Mindestens ein betroffener AfD-Politiker hat juristischen Widerstand angekündigt. Ein Verwaltungsgericht erklärte sich in einem Fall für nicht zuständig. Die Klage wurde an das Verwaltungsgericht Koblenz verwiesen, da der betroffene Politiker dort wohnt.

Ob Gerichte die Ausschlüsse kippen könnten, ist offen. Die Kommunalwahl findet am 13. September statt. Bis dahin bleibt wenig Zeit für langwierige Rechtsstreitigkeiten.

Lage im Weserbergland

Auch in den Landkreisen Hameln-Pyrmont, Holzminden, Schaumburg und Höxter kandidieren AfD-Bewerber für kommunale Ämter.

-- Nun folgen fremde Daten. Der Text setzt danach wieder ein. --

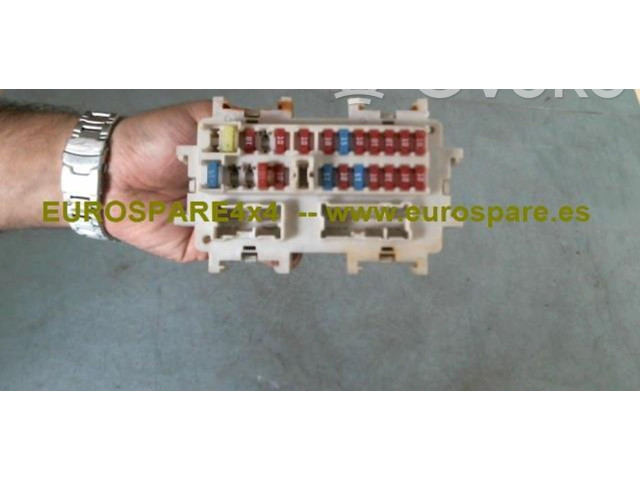   Pojistková skříňka 0575   Nissan Navara D40 2001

Ob dortige Wahlausschüsse ebenfalls Prüfverfahren einleiten, ist derzeit nicht bekannt. Das Verfahren liegt im Ermessen der jeweiligen Gremien vor Ort.

Die Vorgänge in anderen Teilen Niedersachsens zeigen, dass die neue Rechtslage aktiv genutzt wird.

Überblick

Zwei AfD-Politiker sind bereits ausgeschlossen, andere dürfen antreten, mehrere Verfahren laufen noch. Wahlausschüsse prüfen Kandidaten in Niedersachsen bei dieser Kommunalwahl erstmals auf ihre Verfassungstreue. Das Ergebnis dieser Prüfungen wird mitentscheiden, wer am 13. September auf den Stimmzetteln steht.